My Nan introduced me to French Knitting whilst growing up in her Balham flat in the 60s; she did this for two reasons: one, to stop me playing outside the confines of my block of flats and two, in case they ever reintroduced capital punishment via La Guillotine on Balham High Road, she would have a ringside seat. Because, if you see paintings of any execution during Le Terreur in late 18th Century France, you’ll see depictions, aside from the poor, cake-offering toffs about to have the severest of all haircuts, old crones with no teeth, smoking clay pipes and knitting!
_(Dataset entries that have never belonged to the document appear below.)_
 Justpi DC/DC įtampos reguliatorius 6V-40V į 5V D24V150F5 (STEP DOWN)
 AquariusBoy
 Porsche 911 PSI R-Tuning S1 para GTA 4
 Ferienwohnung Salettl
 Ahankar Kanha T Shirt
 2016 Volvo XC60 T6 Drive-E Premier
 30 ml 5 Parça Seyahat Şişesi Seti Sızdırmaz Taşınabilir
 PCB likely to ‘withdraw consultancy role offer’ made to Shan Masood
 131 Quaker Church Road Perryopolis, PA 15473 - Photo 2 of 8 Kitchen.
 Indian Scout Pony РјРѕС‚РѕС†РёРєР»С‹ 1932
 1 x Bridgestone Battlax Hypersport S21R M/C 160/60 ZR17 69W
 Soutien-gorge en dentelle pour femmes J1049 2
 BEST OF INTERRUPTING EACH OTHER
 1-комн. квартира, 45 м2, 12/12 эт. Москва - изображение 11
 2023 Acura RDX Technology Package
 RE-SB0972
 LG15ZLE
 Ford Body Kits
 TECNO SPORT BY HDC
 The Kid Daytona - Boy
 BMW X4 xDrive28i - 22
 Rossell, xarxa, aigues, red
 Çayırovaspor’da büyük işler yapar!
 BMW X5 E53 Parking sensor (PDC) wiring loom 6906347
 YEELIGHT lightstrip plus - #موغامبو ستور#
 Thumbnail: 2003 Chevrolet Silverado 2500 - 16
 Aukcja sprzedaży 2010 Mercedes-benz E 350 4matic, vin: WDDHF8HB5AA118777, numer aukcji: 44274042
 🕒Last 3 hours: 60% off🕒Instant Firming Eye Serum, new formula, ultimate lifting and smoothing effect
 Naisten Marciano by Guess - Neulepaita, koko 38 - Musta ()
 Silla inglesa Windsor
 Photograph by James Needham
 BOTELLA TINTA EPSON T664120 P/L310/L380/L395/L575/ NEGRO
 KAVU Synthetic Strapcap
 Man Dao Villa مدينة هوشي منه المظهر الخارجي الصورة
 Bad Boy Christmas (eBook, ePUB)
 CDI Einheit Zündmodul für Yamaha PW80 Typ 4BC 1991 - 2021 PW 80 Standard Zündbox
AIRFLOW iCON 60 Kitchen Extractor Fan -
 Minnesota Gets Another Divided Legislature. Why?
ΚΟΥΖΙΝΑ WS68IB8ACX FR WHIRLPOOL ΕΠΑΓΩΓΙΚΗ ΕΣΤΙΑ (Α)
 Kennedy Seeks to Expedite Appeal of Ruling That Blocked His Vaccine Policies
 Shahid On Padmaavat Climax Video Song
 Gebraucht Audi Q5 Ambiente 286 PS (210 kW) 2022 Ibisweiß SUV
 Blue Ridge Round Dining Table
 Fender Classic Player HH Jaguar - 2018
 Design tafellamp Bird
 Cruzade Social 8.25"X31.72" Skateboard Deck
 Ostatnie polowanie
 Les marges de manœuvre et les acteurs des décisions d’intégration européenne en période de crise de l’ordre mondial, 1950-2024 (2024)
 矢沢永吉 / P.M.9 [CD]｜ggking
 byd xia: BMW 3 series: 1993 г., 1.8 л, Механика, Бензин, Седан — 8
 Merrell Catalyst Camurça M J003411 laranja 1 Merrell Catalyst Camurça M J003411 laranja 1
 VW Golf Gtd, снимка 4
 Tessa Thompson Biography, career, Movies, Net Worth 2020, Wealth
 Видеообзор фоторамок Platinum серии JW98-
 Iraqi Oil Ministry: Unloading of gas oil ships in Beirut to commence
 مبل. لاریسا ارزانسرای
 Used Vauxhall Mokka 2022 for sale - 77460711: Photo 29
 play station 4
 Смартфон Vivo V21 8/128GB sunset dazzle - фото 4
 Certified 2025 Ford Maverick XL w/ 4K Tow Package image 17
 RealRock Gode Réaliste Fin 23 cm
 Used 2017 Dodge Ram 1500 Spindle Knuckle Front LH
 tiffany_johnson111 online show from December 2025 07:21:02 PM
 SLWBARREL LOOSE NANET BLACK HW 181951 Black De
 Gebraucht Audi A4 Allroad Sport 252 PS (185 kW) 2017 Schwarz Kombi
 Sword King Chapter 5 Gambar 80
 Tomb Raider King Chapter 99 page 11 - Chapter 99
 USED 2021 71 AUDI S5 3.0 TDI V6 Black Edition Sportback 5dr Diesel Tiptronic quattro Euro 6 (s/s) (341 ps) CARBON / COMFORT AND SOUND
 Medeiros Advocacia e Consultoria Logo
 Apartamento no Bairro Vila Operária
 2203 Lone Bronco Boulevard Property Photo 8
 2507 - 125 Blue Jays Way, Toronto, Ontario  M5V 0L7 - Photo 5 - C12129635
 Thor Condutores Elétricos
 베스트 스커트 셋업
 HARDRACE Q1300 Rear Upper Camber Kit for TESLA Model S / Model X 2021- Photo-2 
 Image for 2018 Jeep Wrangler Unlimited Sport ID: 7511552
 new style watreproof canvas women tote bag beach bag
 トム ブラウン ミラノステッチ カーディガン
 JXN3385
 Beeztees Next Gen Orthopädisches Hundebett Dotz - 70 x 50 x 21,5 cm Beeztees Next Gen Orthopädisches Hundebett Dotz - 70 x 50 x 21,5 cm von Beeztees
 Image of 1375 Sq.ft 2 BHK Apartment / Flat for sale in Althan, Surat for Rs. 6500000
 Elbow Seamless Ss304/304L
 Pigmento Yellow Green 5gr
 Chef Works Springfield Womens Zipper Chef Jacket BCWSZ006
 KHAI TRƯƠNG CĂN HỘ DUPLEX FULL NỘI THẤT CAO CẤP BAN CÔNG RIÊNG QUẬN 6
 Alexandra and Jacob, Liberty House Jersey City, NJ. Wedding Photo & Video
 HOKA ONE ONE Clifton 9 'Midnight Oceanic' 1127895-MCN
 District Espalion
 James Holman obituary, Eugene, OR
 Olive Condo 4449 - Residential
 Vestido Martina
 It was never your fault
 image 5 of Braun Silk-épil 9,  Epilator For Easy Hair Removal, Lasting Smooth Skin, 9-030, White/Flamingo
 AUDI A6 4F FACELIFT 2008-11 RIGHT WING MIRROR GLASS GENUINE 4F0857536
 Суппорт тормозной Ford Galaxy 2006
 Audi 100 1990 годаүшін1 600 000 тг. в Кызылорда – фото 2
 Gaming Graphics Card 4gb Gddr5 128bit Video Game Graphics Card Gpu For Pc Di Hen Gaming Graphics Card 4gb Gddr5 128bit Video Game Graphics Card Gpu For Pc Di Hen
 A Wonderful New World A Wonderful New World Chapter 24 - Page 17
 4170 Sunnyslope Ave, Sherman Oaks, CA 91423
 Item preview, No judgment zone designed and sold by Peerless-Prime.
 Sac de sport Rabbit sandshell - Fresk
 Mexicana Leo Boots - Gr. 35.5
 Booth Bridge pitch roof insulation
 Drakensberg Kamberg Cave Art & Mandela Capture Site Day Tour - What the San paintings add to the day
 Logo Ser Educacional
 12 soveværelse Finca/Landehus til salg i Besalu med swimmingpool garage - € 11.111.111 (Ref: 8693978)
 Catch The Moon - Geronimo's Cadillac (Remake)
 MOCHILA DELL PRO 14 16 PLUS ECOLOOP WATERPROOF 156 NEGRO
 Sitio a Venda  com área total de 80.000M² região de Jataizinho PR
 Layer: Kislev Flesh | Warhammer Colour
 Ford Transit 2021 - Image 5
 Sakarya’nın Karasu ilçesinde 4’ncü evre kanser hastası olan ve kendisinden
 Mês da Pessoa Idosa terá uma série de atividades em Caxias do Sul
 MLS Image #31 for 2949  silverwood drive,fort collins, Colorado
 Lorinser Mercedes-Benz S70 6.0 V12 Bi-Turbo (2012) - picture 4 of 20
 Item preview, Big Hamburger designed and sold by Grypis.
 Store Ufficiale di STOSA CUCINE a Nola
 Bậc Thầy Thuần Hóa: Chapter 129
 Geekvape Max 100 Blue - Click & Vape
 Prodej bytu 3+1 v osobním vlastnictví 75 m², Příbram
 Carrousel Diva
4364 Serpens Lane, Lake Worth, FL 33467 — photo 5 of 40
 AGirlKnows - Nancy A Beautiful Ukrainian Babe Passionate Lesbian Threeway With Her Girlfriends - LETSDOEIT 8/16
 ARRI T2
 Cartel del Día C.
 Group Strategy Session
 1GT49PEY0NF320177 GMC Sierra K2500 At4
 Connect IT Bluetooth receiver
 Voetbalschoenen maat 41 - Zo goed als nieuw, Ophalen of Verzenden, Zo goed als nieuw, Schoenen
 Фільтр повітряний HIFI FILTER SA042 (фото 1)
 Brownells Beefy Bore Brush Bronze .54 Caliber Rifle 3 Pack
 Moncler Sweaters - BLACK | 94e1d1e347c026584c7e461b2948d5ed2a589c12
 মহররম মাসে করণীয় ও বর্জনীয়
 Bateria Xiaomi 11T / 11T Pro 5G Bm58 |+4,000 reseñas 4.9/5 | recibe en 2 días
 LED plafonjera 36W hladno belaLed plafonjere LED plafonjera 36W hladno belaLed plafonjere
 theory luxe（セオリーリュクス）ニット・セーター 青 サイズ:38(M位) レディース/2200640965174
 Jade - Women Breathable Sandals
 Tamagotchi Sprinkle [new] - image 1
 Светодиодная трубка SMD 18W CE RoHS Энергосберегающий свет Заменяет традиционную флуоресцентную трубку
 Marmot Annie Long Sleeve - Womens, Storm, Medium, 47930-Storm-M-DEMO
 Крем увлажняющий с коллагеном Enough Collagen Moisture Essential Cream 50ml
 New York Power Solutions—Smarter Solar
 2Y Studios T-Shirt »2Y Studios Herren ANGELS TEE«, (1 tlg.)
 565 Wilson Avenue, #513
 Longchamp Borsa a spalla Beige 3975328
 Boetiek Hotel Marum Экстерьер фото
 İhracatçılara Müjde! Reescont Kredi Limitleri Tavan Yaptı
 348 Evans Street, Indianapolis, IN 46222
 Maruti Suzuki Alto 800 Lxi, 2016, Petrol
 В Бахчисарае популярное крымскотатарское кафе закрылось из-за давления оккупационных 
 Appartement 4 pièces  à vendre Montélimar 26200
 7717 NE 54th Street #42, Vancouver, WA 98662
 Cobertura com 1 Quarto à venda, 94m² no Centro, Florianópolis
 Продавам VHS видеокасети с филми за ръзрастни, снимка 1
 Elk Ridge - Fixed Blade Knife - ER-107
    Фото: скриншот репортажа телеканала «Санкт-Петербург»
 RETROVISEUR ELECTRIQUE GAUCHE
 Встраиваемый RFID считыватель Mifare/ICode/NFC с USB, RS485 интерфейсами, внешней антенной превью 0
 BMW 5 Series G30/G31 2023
If public executions were to return to the UK, my Nan wanted to be in the thick of it and I would be her vehicle – who is going to stop a ten-year old kid brandishing an old cotton reel, four nails and two-foot of something which wouldn’t even work as a draft-excluded, even for The Borrowers, moving, with his Nan, to the front?
Being introduced to handicrafts such as French Knitting (I wasn’t allowed a crochet needle as I’d have taken my eye out – apparently) in retrospect was possibly a mistake as, strangely enough, we didn’t have use for things like this at an all-boys school – the ability to create some very long piece of intertwined wool didn’t stand me in good stead on the rugby field! I was expected to conjugate Latin verbs as an eleven-year-old, not provide the entire class with matching hat and scarf! Plus I needed to know the exact dates of Gladstone’s periods as PM – crocheted coasters were never ever needed for that!